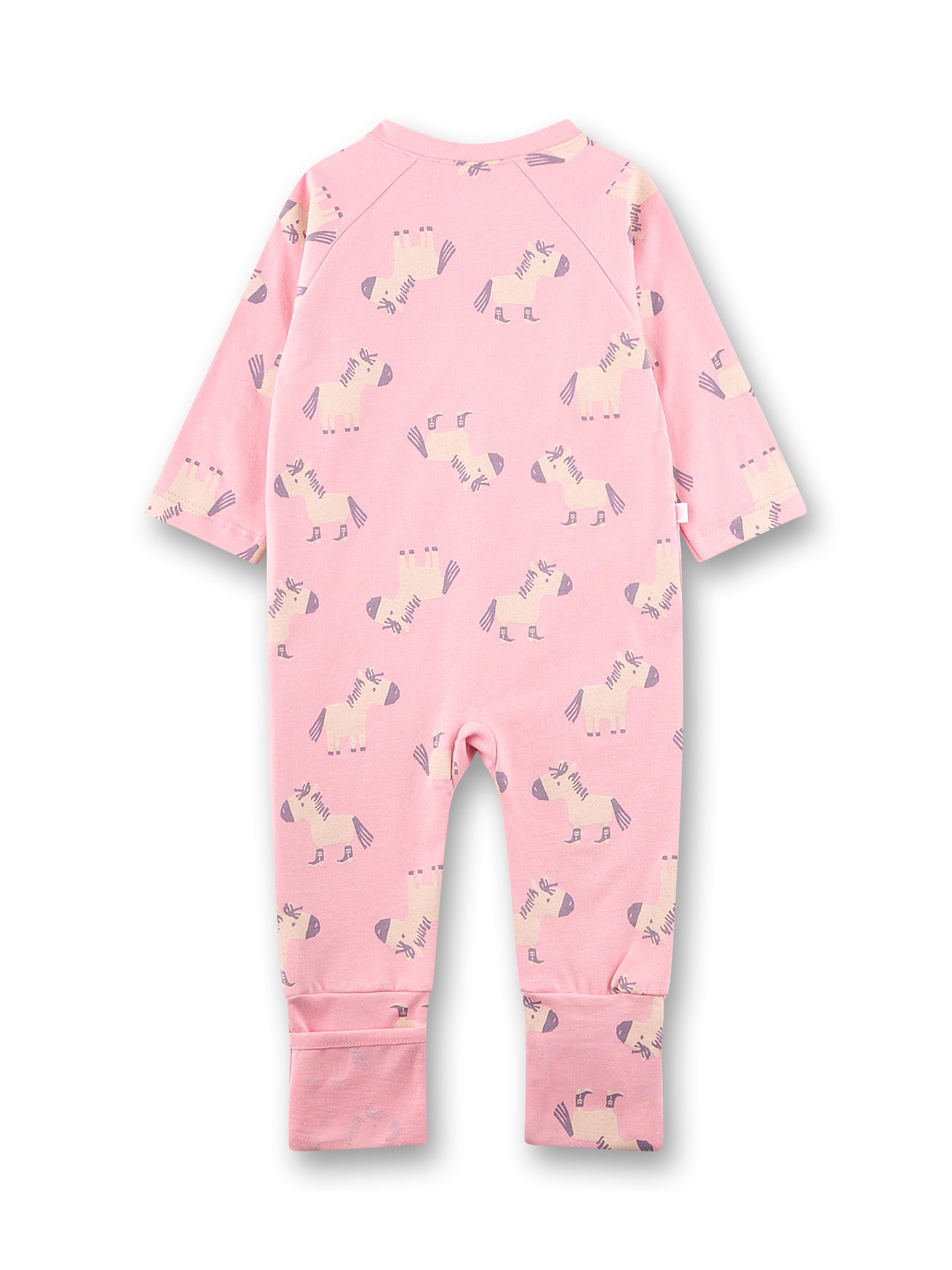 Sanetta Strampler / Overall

--

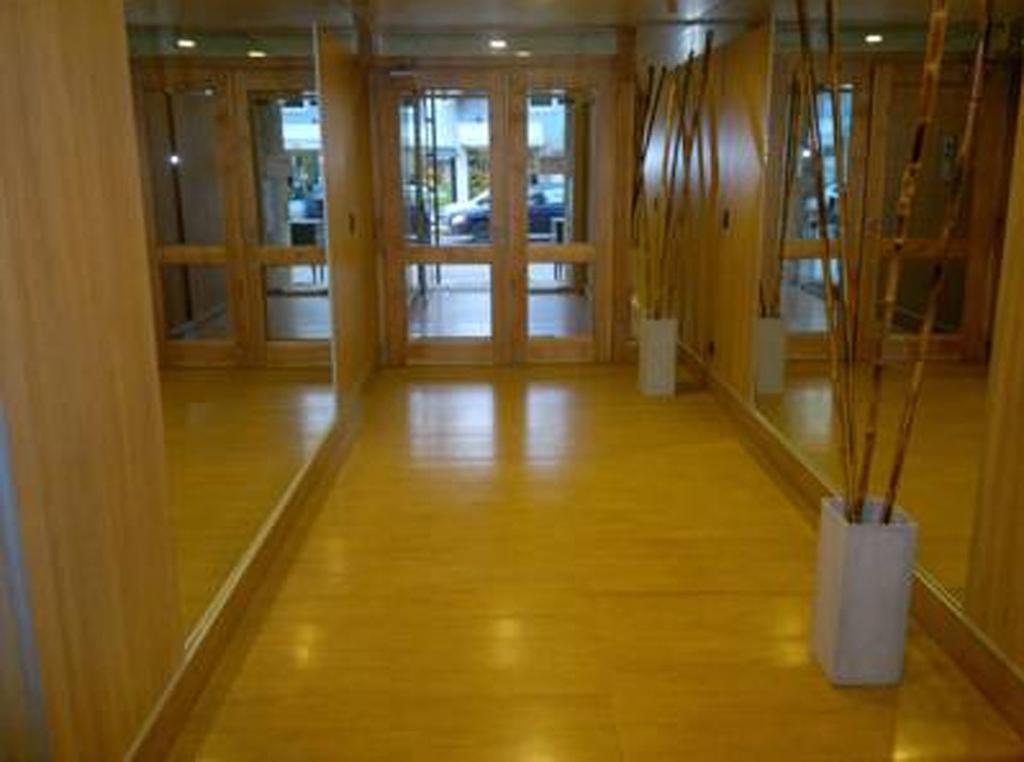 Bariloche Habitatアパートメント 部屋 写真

---

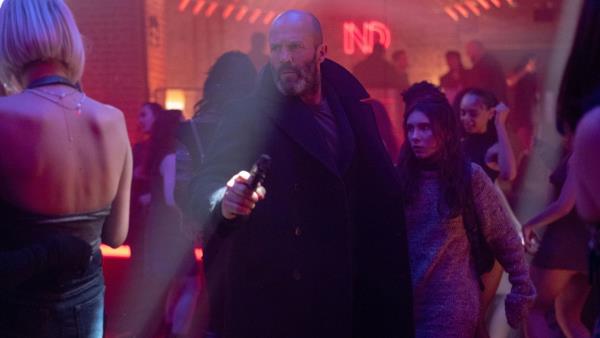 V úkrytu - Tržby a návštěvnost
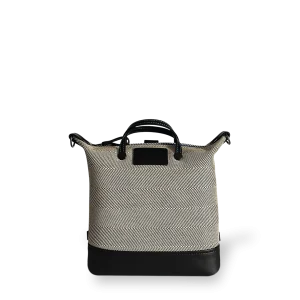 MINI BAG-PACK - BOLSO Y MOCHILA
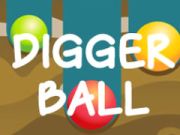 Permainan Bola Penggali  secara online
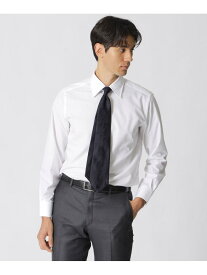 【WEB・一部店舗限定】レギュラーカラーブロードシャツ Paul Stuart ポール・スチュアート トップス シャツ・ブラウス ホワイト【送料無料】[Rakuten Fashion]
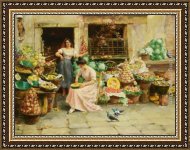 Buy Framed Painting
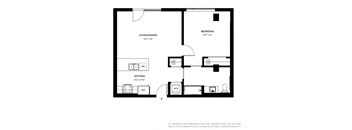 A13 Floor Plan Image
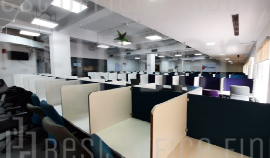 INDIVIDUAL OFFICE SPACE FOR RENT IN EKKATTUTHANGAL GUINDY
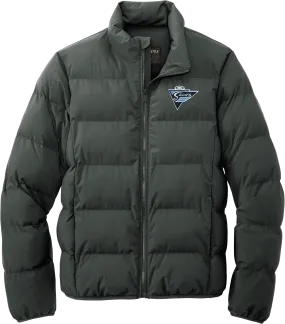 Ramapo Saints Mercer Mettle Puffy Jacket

EXERCISE DIRECTIONS: Please set down, exactly and with no pictures, the lines in the entries above starting at the one holding "Buy Framed Painting" and ending at the one holding "Ramapo Saints Mercer Mettle Puffy Jacket", ends included.

ANSWER BOX:
 Buy Framed Painting
 A13 Floor Plan Image
 INDIVIDUAL OFFICE SPACE FOR RENT IN EKKATTUTHANGAL GUINDY
 Ramapo Saints Mercer Mettle Puffy Jacket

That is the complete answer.